Among the records that follow, set down only the lines from the one containing "전현무, 20세 연하 아나운서 홍주연과 열애설에 거의 신혼부부" to the one containing "Ženski trendi klasični", both included, exactly.
* * *
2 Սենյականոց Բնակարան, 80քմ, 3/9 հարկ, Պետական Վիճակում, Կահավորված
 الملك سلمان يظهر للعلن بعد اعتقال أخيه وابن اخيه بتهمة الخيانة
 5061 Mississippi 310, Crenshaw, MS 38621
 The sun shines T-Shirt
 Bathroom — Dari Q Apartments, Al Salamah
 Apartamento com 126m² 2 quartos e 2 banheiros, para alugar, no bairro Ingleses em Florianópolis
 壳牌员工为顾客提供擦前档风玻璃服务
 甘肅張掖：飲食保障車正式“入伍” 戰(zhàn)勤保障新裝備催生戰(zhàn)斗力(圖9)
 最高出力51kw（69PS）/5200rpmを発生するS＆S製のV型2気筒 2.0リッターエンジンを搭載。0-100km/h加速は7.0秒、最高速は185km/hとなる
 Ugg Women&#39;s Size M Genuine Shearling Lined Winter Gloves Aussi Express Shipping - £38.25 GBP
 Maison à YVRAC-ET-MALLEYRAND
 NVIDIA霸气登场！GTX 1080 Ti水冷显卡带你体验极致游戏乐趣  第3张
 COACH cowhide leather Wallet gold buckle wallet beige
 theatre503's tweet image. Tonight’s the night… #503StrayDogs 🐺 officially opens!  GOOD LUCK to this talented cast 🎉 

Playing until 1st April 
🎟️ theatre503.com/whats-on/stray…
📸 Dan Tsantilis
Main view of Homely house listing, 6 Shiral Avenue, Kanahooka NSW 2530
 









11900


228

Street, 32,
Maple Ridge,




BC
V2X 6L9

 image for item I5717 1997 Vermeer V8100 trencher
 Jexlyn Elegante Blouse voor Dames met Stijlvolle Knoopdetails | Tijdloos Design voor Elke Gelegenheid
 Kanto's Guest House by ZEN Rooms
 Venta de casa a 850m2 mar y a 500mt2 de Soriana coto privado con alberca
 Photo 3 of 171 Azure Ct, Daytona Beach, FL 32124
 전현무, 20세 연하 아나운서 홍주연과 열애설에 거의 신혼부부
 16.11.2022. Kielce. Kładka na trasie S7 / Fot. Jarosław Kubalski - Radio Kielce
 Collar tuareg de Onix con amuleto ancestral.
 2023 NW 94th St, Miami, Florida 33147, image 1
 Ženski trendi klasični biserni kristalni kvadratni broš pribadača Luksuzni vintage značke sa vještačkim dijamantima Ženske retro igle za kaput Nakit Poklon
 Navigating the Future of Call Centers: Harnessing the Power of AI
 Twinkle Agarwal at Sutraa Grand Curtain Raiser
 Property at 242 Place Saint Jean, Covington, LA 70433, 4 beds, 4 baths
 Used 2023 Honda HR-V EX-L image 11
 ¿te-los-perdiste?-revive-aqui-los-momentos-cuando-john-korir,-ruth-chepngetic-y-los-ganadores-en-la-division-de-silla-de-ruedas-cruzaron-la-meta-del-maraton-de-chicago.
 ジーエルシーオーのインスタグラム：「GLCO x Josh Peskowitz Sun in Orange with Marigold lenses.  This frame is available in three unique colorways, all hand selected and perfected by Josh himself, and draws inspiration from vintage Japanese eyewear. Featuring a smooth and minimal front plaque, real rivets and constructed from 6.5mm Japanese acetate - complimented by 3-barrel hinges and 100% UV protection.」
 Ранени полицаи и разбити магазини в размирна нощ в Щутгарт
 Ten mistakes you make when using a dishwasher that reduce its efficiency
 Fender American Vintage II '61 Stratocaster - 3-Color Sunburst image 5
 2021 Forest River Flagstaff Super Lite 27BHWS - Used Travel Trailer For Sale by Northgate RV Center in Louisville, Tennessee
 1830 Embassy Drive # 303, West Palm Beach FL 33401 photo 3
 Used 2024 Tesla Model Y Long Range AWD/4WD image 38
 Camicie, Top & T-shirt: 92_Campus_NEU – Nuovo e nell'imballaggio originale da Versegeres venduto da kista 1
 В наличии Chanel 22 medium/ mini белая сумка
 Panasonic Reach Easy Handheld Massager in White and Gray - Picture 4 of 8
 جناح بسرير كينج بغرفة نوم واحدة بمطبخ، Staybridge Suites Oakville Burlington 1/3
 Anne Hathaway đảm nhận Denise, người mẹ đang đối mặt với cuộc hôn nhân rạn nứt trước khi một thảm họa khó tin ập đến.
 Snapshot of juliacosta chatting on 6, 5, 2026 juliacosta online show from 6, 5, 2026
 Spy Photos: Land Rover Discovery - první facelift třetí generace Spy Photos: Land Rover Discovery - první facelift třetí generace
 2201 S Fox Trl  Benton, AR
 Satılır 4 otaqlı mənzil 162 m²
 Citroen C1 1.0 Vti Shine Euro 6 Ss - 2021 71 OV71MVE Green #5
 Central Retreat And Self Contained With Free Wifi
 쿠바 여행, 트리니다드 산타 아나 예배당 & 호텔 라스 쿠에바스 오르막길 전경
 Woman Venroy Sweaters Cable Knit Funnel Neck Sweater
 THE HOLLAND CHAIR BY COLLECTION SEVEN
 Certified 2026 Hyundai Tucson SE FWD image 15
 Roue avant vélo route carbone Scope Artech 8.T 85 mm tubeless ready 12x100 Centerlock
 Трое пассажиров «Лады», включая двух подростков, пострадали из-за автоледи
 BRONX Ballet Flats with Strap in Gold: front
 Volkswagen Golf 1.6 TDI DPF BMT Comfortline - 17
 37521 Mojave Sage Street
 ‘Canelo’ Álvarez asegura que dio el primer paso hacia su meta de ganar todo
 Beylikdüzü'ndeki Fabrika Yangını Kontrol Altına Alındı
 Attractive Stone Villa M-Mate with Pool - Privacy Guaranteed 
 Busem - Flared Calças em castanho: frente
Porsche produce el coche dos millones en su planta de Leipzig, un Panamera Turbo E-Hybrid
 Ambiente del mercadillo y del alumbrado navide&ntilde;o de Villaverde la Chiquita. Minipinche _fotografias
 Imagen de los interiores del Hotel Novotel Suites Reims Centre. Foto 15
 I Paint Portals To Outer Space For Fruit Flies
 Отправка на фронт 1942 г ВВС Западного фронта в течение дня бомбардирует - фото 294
* * *
RESULT:
 전현무, 20세 연하 아나운서 홍주연과 열애설에 거의 신혼부부
 16.11.2022. Kielce. Kładka na trasie S7 / Fot. Jarosław Kubalski - Radio Kielce
 Collar tuareg de Onix con amuleto ancestral.
 2023 NW 94th St, Miami, Florida 33147, image 1
 Ženski trendi klasični biserni kristalni kvadratni broš pribadača Luksuzni vintage značke sa vještačkim dijamantima Ženske retro igle za kaput Nakit Poklon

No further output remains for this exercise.